Needs polishing

| Updated on May 21, 2021

It’s vital to tharsh out the details for gold trading to gather pace   -  istock.com/Yevgeniy Sambulov

Several finer details need to be ironed out before SEBI’s gold trading initiative can take off

Despite Indian households being prodigious gold buyers, the domestic bullion market is in the elementary stages. The Centre’s idea of nurturing a gold ecosystem that facilitates transparent spot price discovery, on-shore trading and enabling India to set a global price benchmark is therefore welcome. The Securities Exchange Board of India floated a consultation paper this week to take this idea forward. While the broad contours suggested appear workable, details such as trading platforms, denominations, assaying mechanisms and costs need thrashing out.

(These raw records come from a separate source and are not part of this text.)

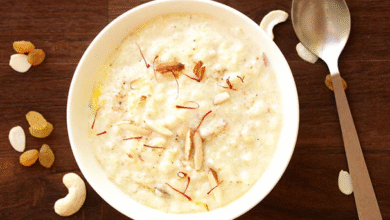 Photo of नवरात्र के दूसरे दिन मां ब्रह्मचारिणी को लगाएं इस खीर का भोग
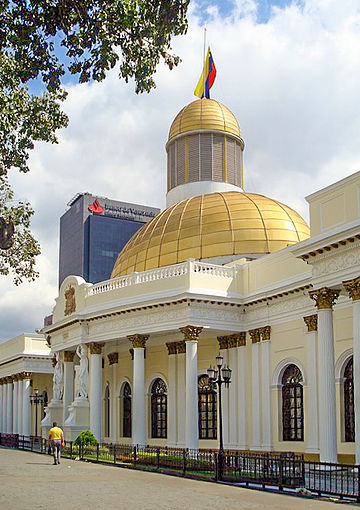 Palácio Federal Legislativo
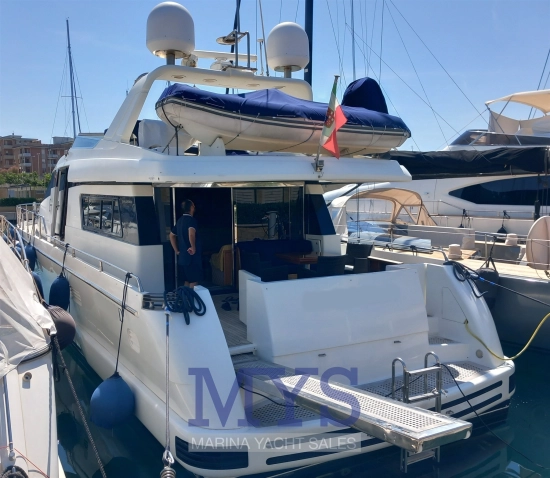 Sanlorenzo SL 62 usado à venda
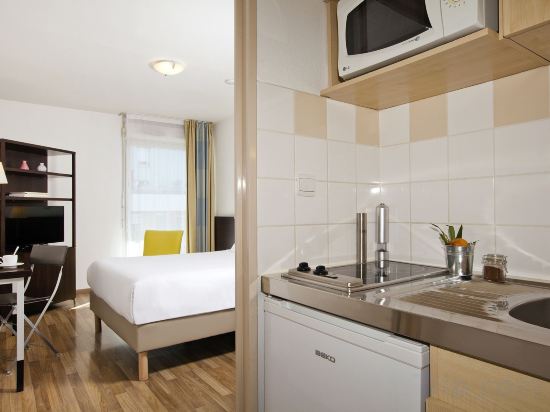 Фото Residhome Appart Hotel Nancy Lorraine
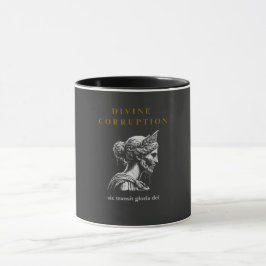 Taza Athena Zombie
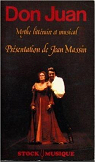 Don Juan par Massin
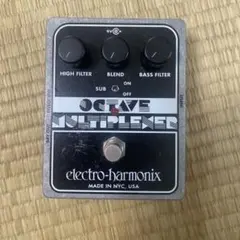 2025年最新】ELECTRO HARMONIX BASS 9の人気アイテム - メルカリ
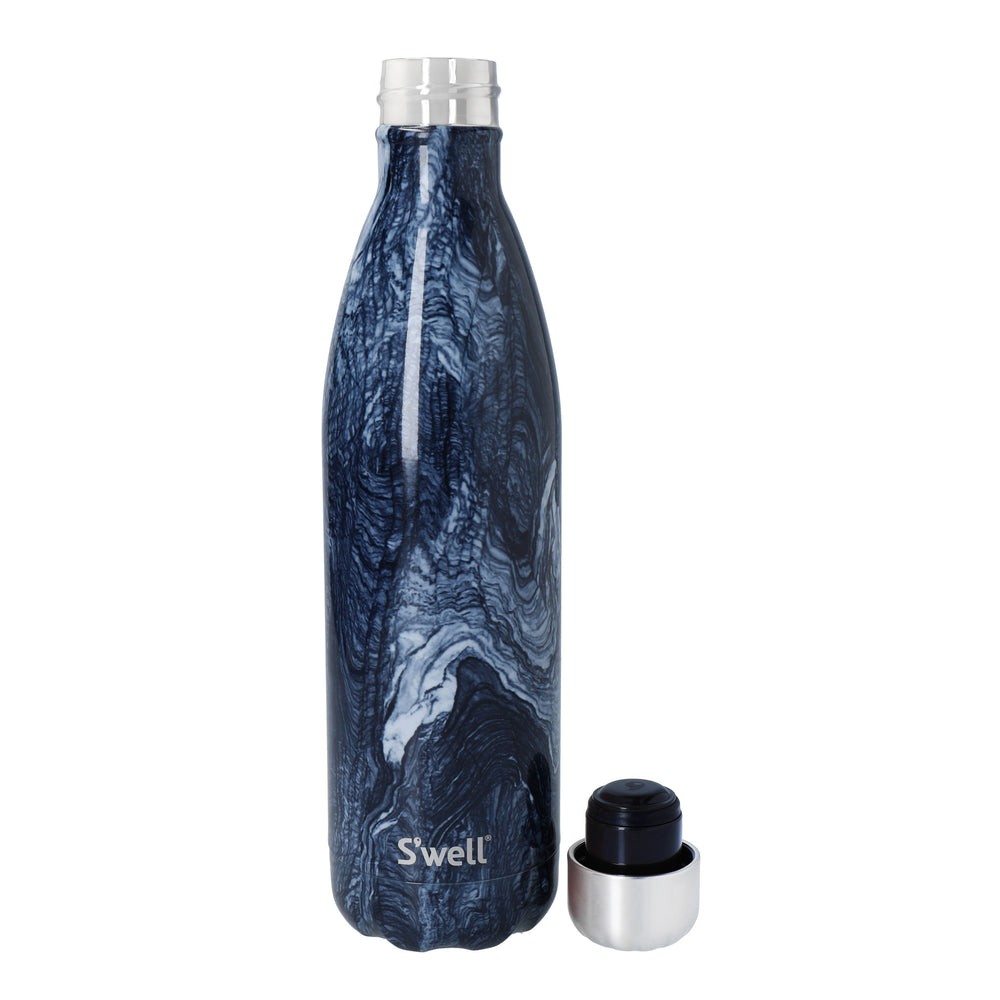 S'well Azurite Marble Drinks Bottle, 750ml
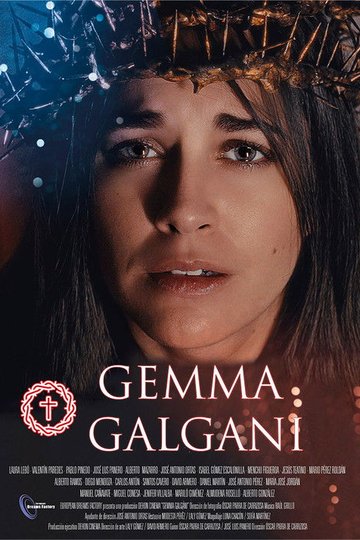 Locandina di Gemma Galgani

The paper suggests that gold owners wishing to trade deposit their bullion with designated Vault Managers, who will issue Electronic Gold Receipts. These EGRs will reflect in the owner’s demat account, to be traded. Trading is proposed in lots of 50 grams, 100 grams and 1 kg. Given that the idea is to attract individuals to trade, SEBI must consider lowering the lot sizes for the initiative to take off. The paper proposes Securities Transaction Tax and GST on gold trades, apart from storage charges for Vault Managers. But for households to surrender their gold held in bank lockers or at home, charges and taxes will need to be minimal. The paper argues that instead of re-inventing the wheel, the existing ecosystem of stock exchanges, clearing corporations and depositories be used to facilitate gold trading. But the process of safely storing bullion, periodically reconciling stocks with EGRs, and ensuring fungibility between vaults will be onerous and it is moot if the paperless stock exchanges will take the effort to develop this new vertical. In any case, trading volumes in any new asset class tend to migrate towards a single exchange with high liquidity. Therefore, a specialised bullion exchange may be inevitable. While laying down detailed regulations for Vault Managers, the paper glosses over the role of assayers who will monitor and certify the quality of deposited gold. As the reluctance of gold owners to melt their holdings and lack of assaying centres have proved the biggest stumbling blocks to gold monetisation schemes, this requires fleshing out.

While the SEBI paper takes a blue-sky approach to gold trading, the Centre has already flagged off an international bullion exchange at GIFT City, facilitated a memorandum between participants and anointed the International Financial Services Centre Authority with regulatory responsibilities under the IFSCA (Bullion Exchange) Regulations, 2020. The Centre needs to clearly demarcate the areas of focus for the two parallel initiatives to nip any turf wars in the bud.